• [Your objective] Reproduce exactly the lines from the one containing "Silence and Noise Flowy Sundress" through the last line of the records below, both included. Leave out any pictures.

** Provided entries follows **

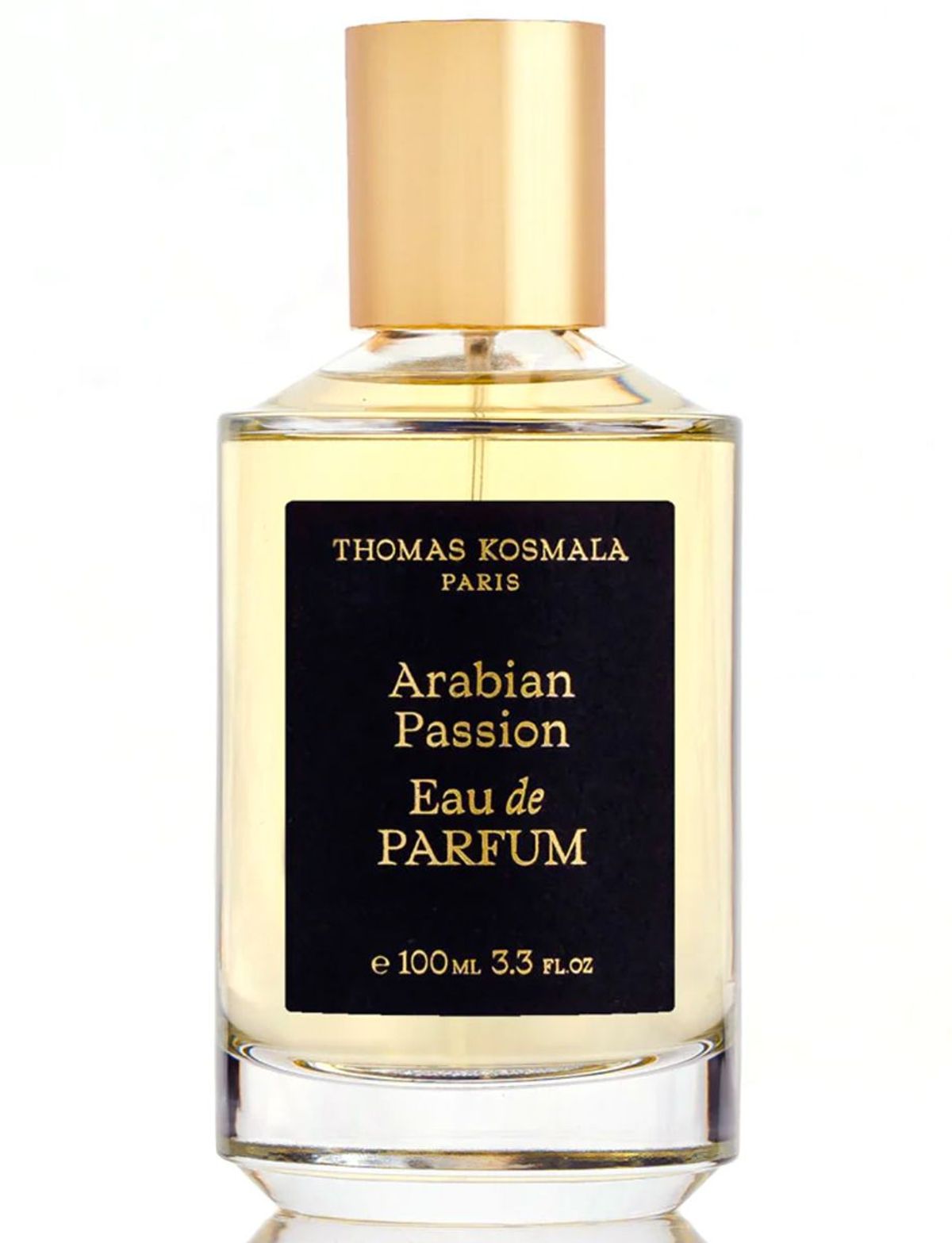 Arabian Passion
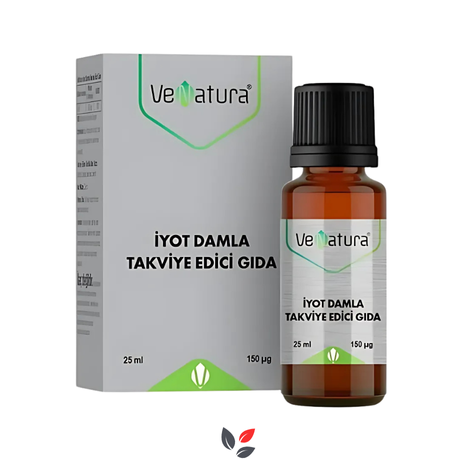 Venatura İyot Damla 25 ml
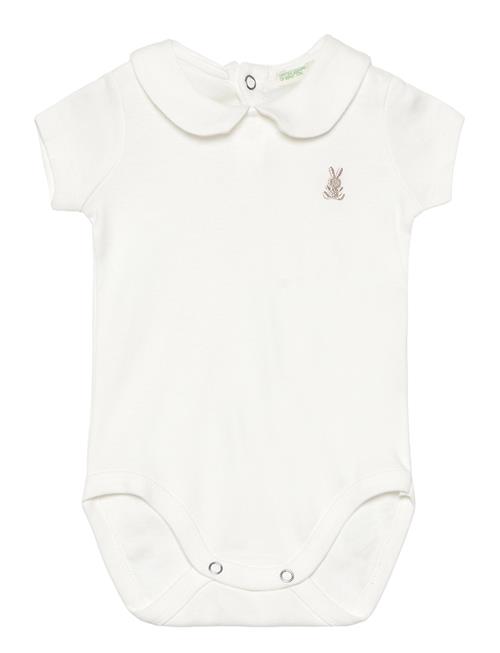 Bodysuit United Colors Of Benetton White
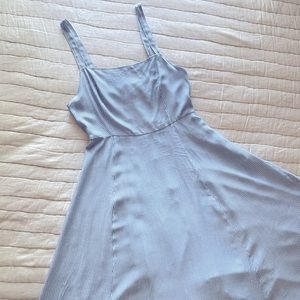 Silence and Noise Flowy Sundress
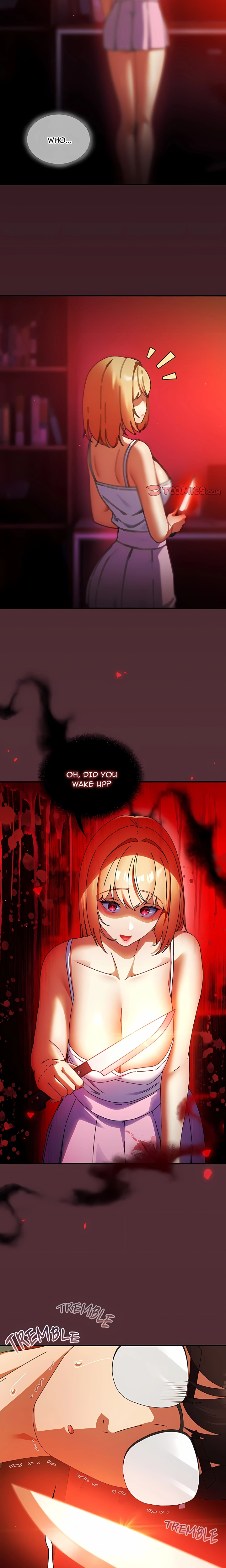 Take a Photo of Me Chapter 41 page 19 - 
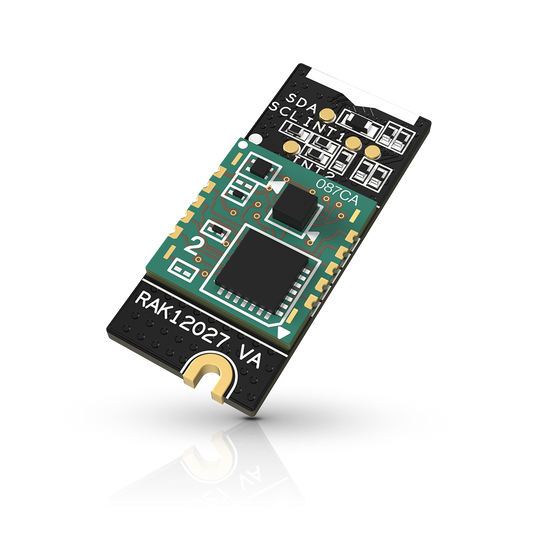 Sensor de terremotos Omron D7S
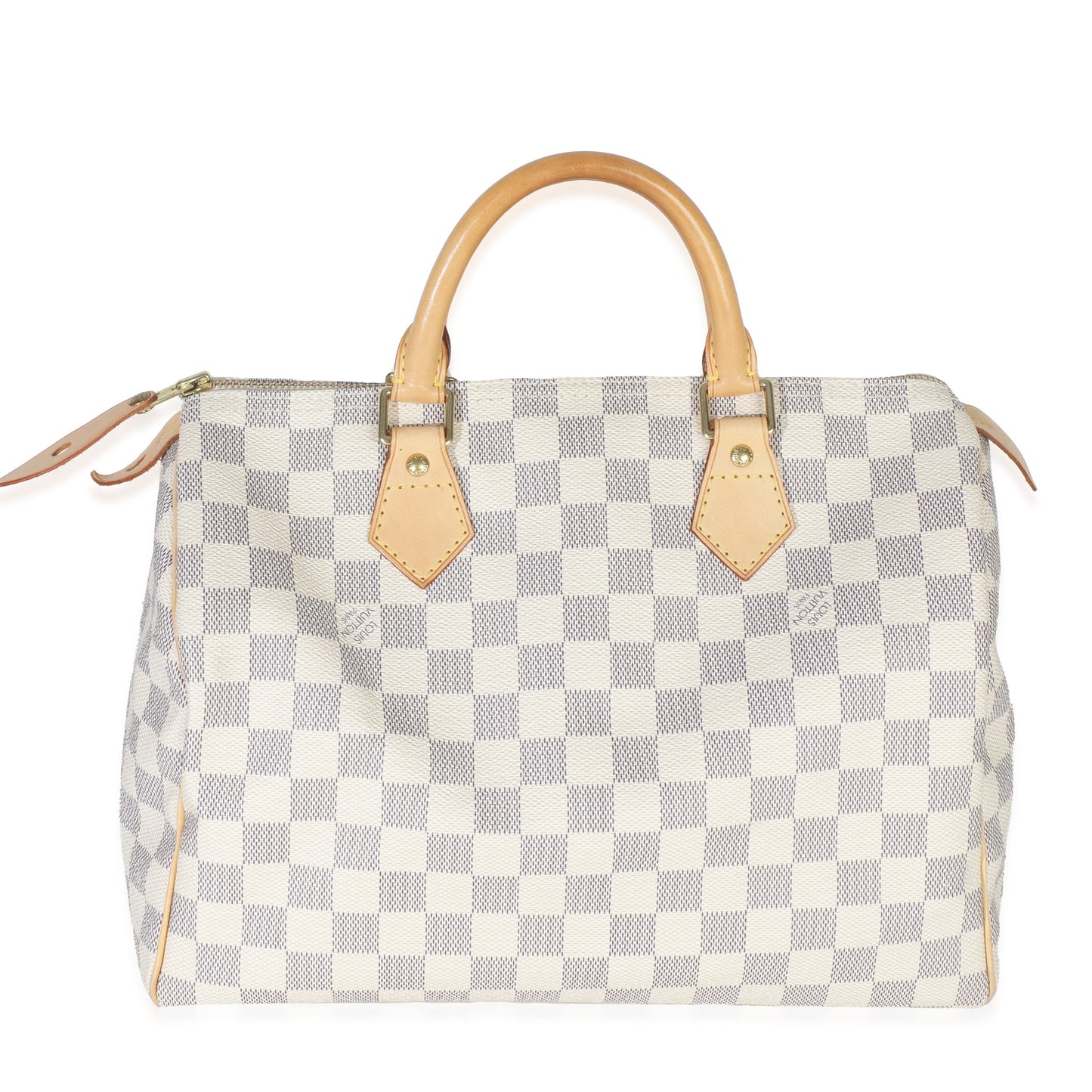 Louis Vuitton Damier Azur Canvas Speedy 30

** End of Provided entries **

• [Result]
 Silence and Noise Flowy Sundress
 Take a Photo of Me Chapter 41 page 19 - 
 Sensor de terremotos Omron D7S
 Louis Vuitton Damier Azur Canvas Speedy 30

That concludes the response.